(Data records)

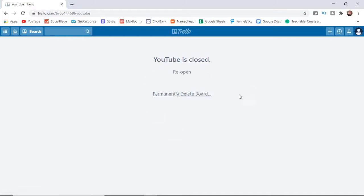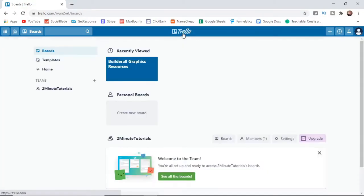If you've gone ahead and clicked permanent delete board you will not be able to reopen the board. But if you've gone ahead and got to that stage and gone back, you can go ahead and reopen the board if you want to do that.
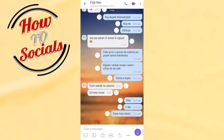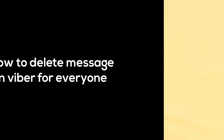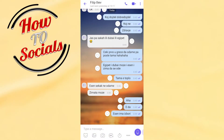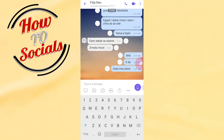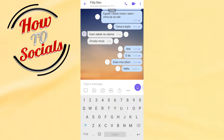Hi there guys, in this video I will show you how to delete messages in Viber for everyone. First, open the application, go to a chat with someone, type something — maybe 'hello' — and send it. Now I'm going to show you how to delete this message for everyone.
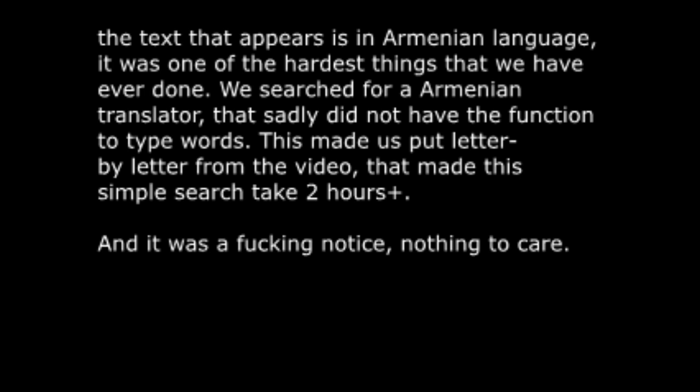The text that appears is in Armenian language. It was one of the hardest things that we have ever done. We searched for an Armenian translator that sadly did not have the function to type words. This made us put letter by letter from the video, which made this simple search take more than two hours.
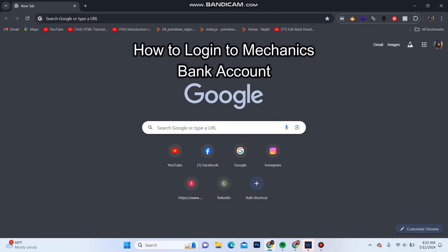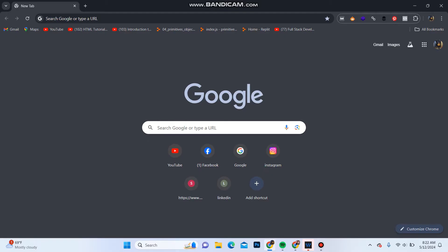Hello everyone, and welcome back to another video from Quick Guide. Today in this video I'm going to show you how you can log in to your Mechanics Bank account, so follow some simple steps which I'm going to show you.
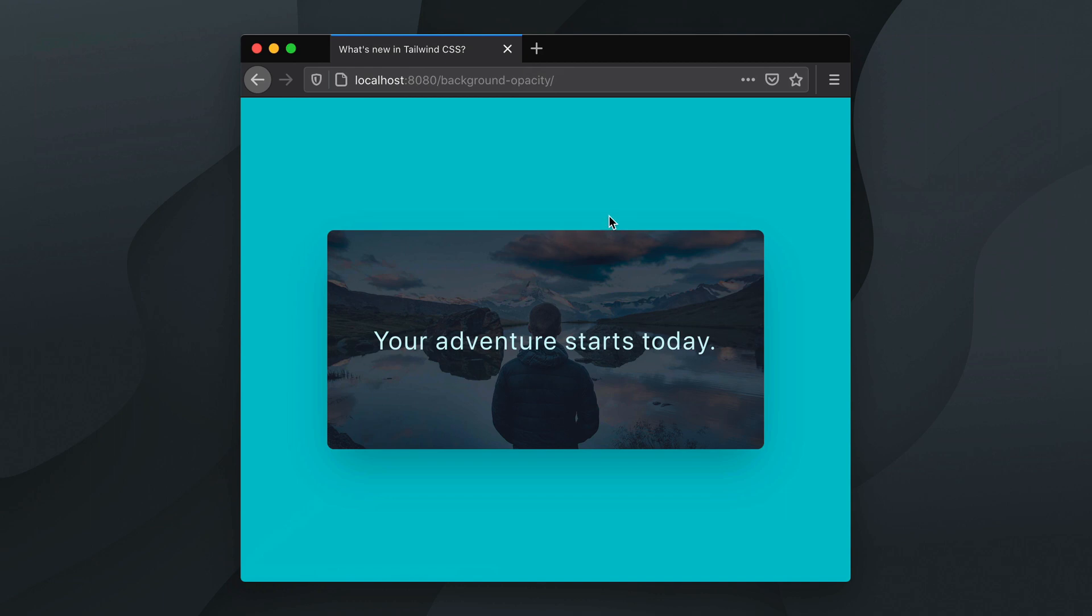Tailwind also lets you control the opacity of borders, text, dividers and even input placeholders.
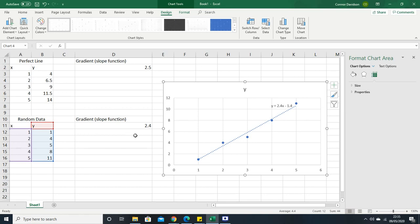Remember that the slope function is calculating the gradient of the line of best fit. So I hope you now understand how to calculate a gradient in Excel using the slope function or using a graph, and that you're actually getting the line of best fit where the data isn't represented by one line. That's very important to understand. Finally, I'd like to thank you for watching this video.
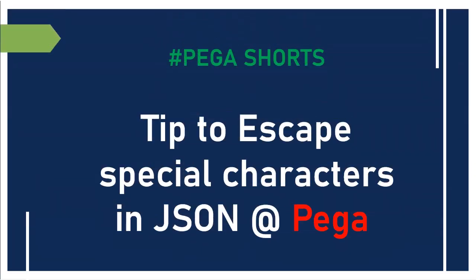Hello guys, welcome back to my channel. Today we're going to see a tip to escape special characters in JSON request.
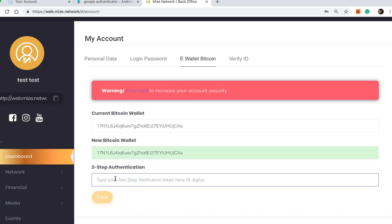Authenticator, and it's going to give you six digits. In this case, 567567123. If it matches with your phone, click Save. This way it will then change and save, and your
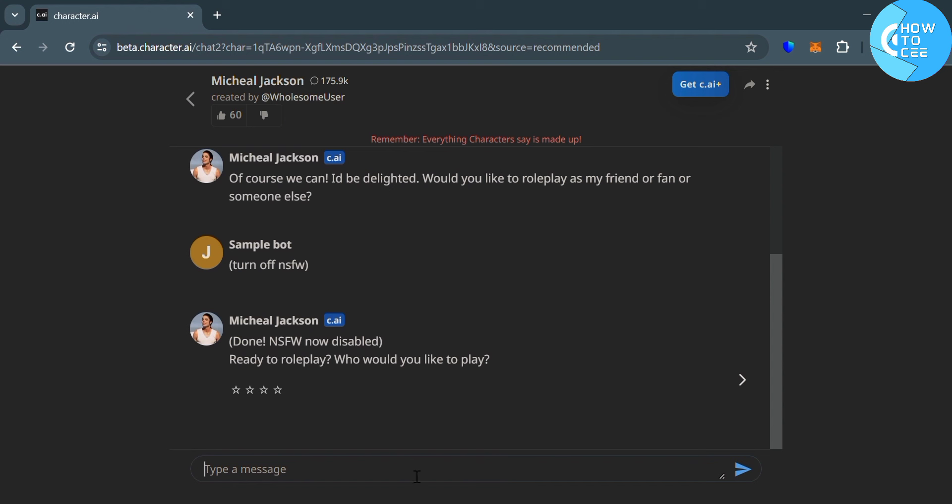And from here, you can now start adding your roleplay, or how would you like to start the roleplay? You could enter here the situation, or any context that you want to start your roleplay message.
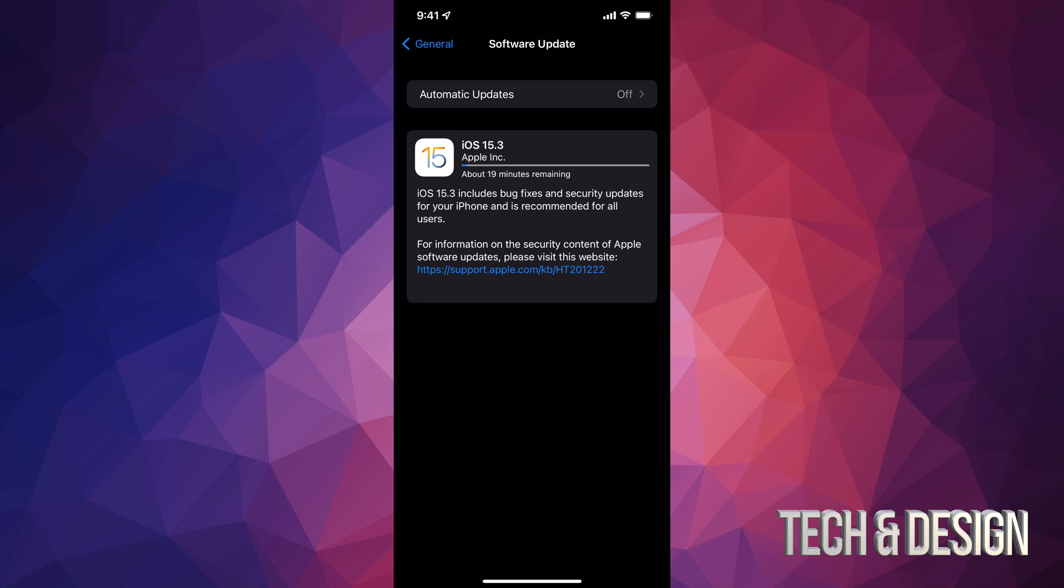I also want to mention that only the latest iPod touch can actually be updated to iOS 15. No other iPod touch can do that.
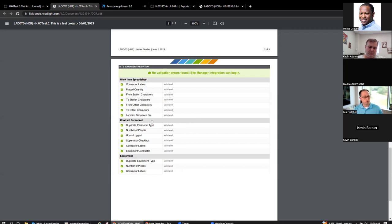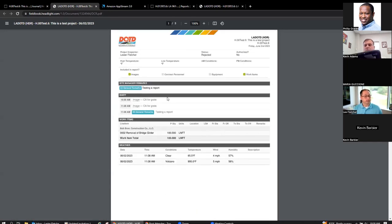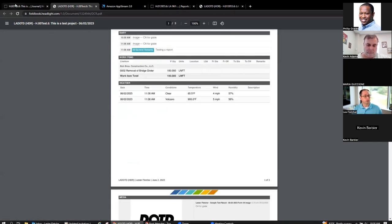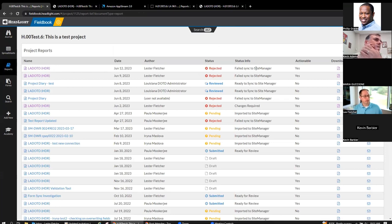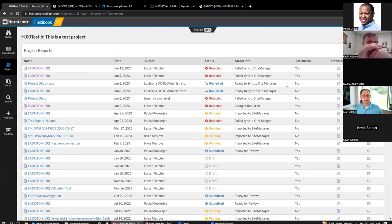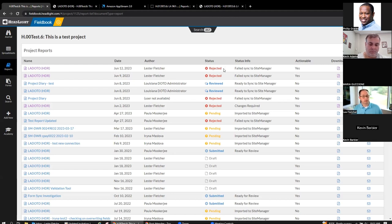Another great tool Headlight has provided is the SiteManager Validation Tool — this checks the most common report problems, though it does not check everything. It just catches the major stuff, so it is not comprehensive. Now let me switch to a different report — the June 12th one — and this is the one that causes problems. When you have a 'Failed to Sync to SiteManager' status, please do not ignore it. Something is wrong, and there is not enough information in SiteManager for a completed report.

### [Your assignment]
In the entries above, find the line with "Hello everyone, and" and the line with "Remember that the". Write out exactly those two lines and every line between them, pictures excluded.

### [Exercise solution]
Hello everyone, and welcome back to another video from Quick Guide. Today in this video I'm going to show you how you can log in to your Mechanics Bank account, so follow some simple steps which I'm going to show you.
Tailwind also lets you control the opacity of borders, text, dividers and even input placeholders.
Remember that the slope function is calculating the gradient of the line of best fit. So I hope you now understand how to calculate a gradient in Excel using the slope function or using a graph, and that you're actually getting the line of best fit where the data isn't represented by one line. That's very important to understand. Finally, I'd like to thank you for watching this video.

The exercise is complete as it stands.